Remember a few years back, when unikernels took the spotlight for a while? What happened? Well, unfortunately, for most of them, progress has considerably slowed down, or come to a full stop. Reviewing http://unikernel.org/, we see that the last blog article dates back to 2017 — not quite encouraging. So did it completely die off?

No, not at all. There are still a few inceptions around that survived the evolution. We’ll be exploring NanoVM[2] in this article. But before jumping straight in, let’s back up for a minute and provide some background on why this is relevant in 2023.

The What and Why of Unikernels

Imagine your application, beautiful. Now imagine the cloud service it needs to run on. Strip away all layers of accidental complexity and sprinkle it with “just enough” OS/kernel to make it run. Voila, you have unikernels.

Or, to show it visually:

Typical setup vs Unikernel setup

Unikernels replace your host/guest OS and container engine and wraps your application with a tiny kernel “bow” as a VM image. As a result, the whole image can be as small as 1.5MB (compressed).

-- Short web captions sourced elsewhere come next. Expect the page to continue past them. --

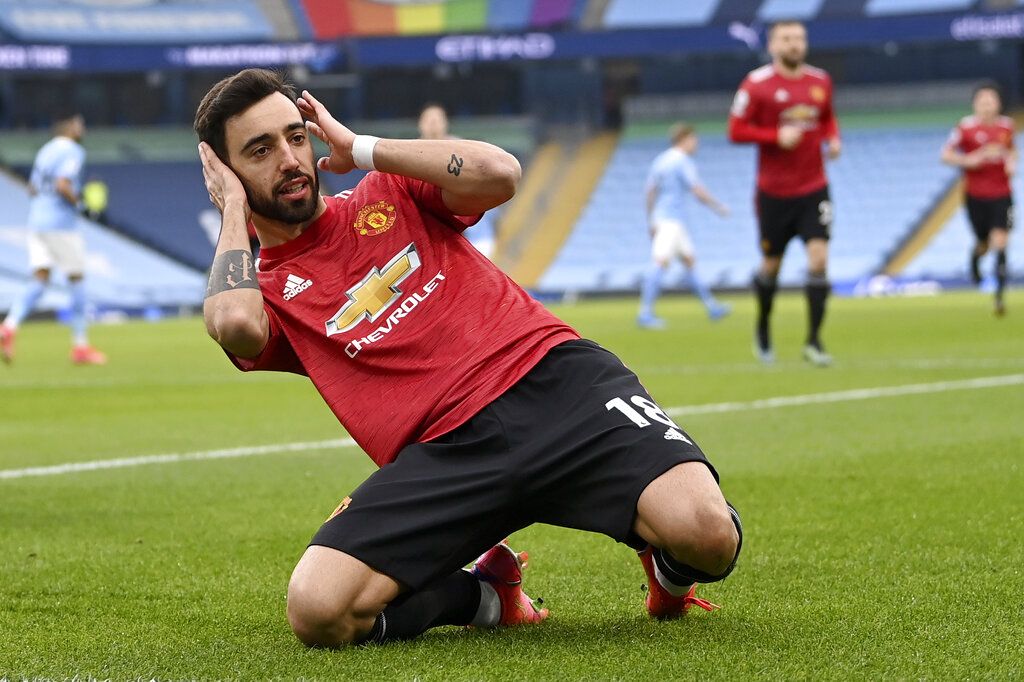 Manchester United's Bruno Fernandes celebrates after scoring the opening goal during the English Premier League soccer match between Manchester City and Manchester United at the Etihad Stadium in Manchester, England, Sunday, March 7, 2021. (Laurence Griffiths/Pool via AP)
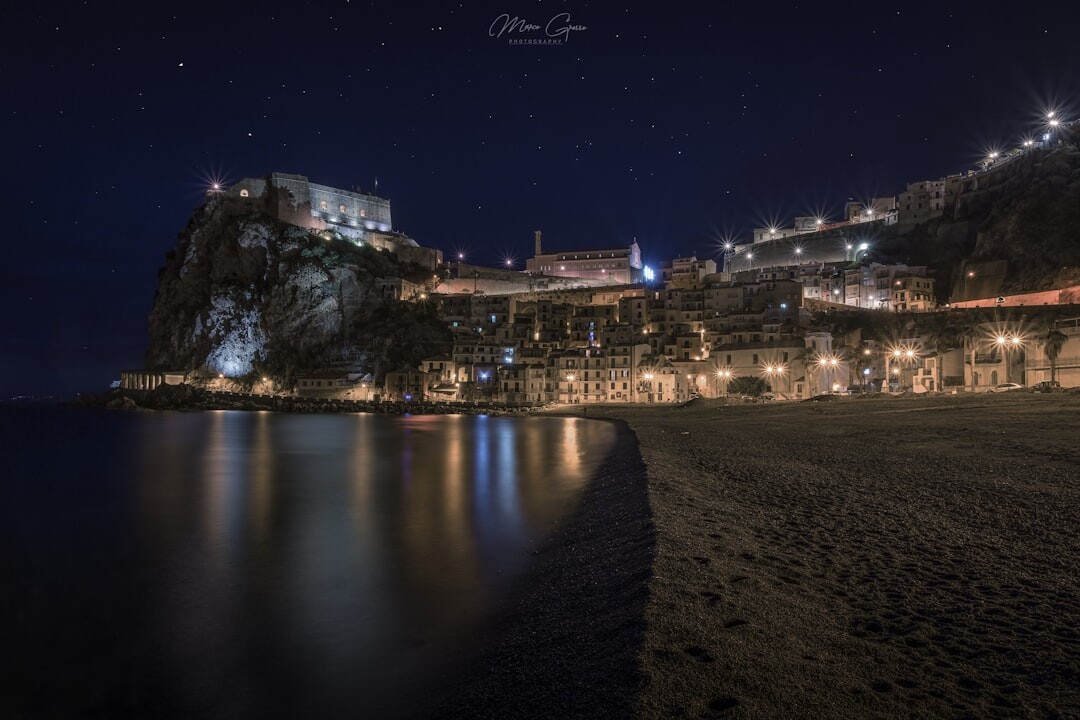 foggy coastal town at night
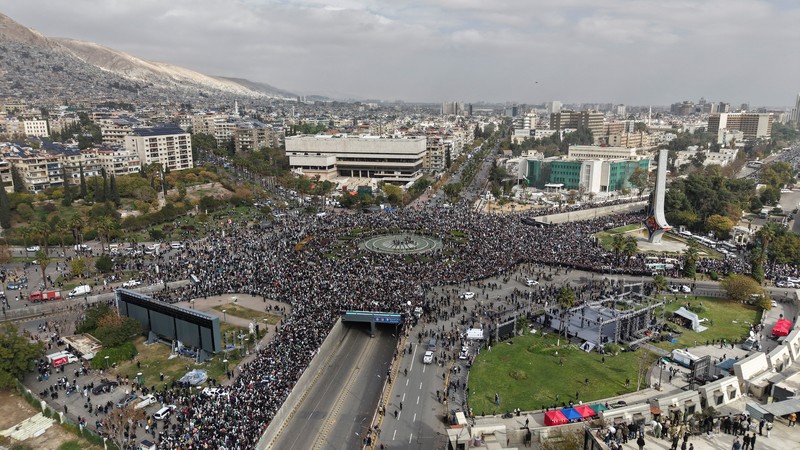 A drone view shows people gathering on the day of a military parade, as Syrians mark the first anniversary of Bashar al-Assad&#039;s fall, in Damascus, Syria December 8, 2025. REUTERS/Khalil Ashawi
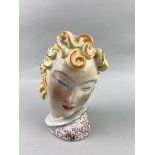 A CONTINENTAL CERAMIC HEAD FIGURE IN THE STYLE OF GOLDSCHEIDER AND OTHER CERAMICS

As well documented elsewhere, the benefits of this are threefold:

  • Security reduced attack surface. Less stuff to patch and maintain.
  • Performance: only the bare minimum is included to run your application. It’s designed specifically for that. No noisy background processes, SSH agents, … As a result, a virtual machine instance typically boots up in milliseconds.
  • Simplicity: a smaller stack reduces the complexity of your deployment pipelines and infrastructure. The primitives' cloud vendors provide are good enough for the rest.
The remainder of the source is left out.